Fury raced through her, heating every inch and every cell. Denials and arguments shot up her throat, but she choked them back. She loved this job, which meant suffocating on all the things she wanted to say but couldn’t.

She swallowed a few times before speaking again. She refused to be accused of yelling or listen to the whispers about her being an angry black woman. She would not give him or anyone the ammunition to get rid of her. The idea of him and Pete being in charge chilled her from the inside out. “We don’t know if Aaron was set up, which I doubt, but he very well could have had an accomplice, and we haven’t explored that yet. We’re talking about a second killer.”

“The official line will be that there is insufficient evidence to prove Lila Ridgefield killed her husband but, while we don’t condone vigilante justice, the important thing is that a serial predator and active serial killer has been stopped and the victims’ families can now find peace.”

Political doublespeak. People were dead and he was feeding her a PR line. “Charles—”

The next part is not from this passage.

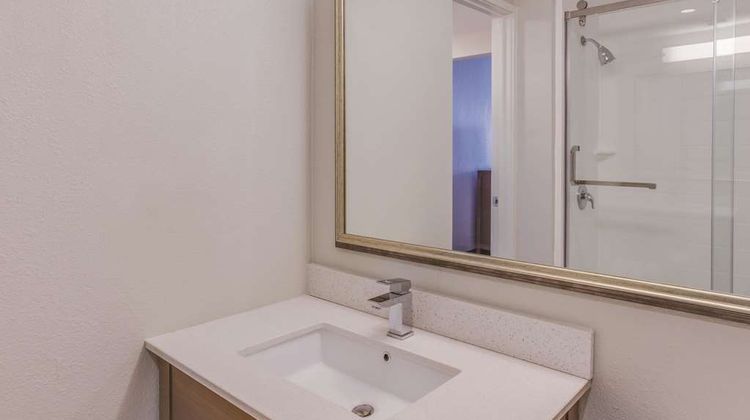 La Quinta Inn & Suites Philadelphia Arpt Room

“We’ll be turning the evidence over to the task force tomorrow. The FBI will report directly to the governor’s office from here on out.” He held the file to his chest. “Everyone is happy with our contribution, and we’re going to keep it that way.”

“But the official line about Lila is their line, not ours.” She tried for a direct hit to his ego. “You’re in charge here, not them.”

He sighed. “Go home to your husband, Ginny. You’ve earned a night off.”

He fell back on his usual condescending attitude, which ratcheted up her anger. “Talking to me like that is bullshit, and you know it.”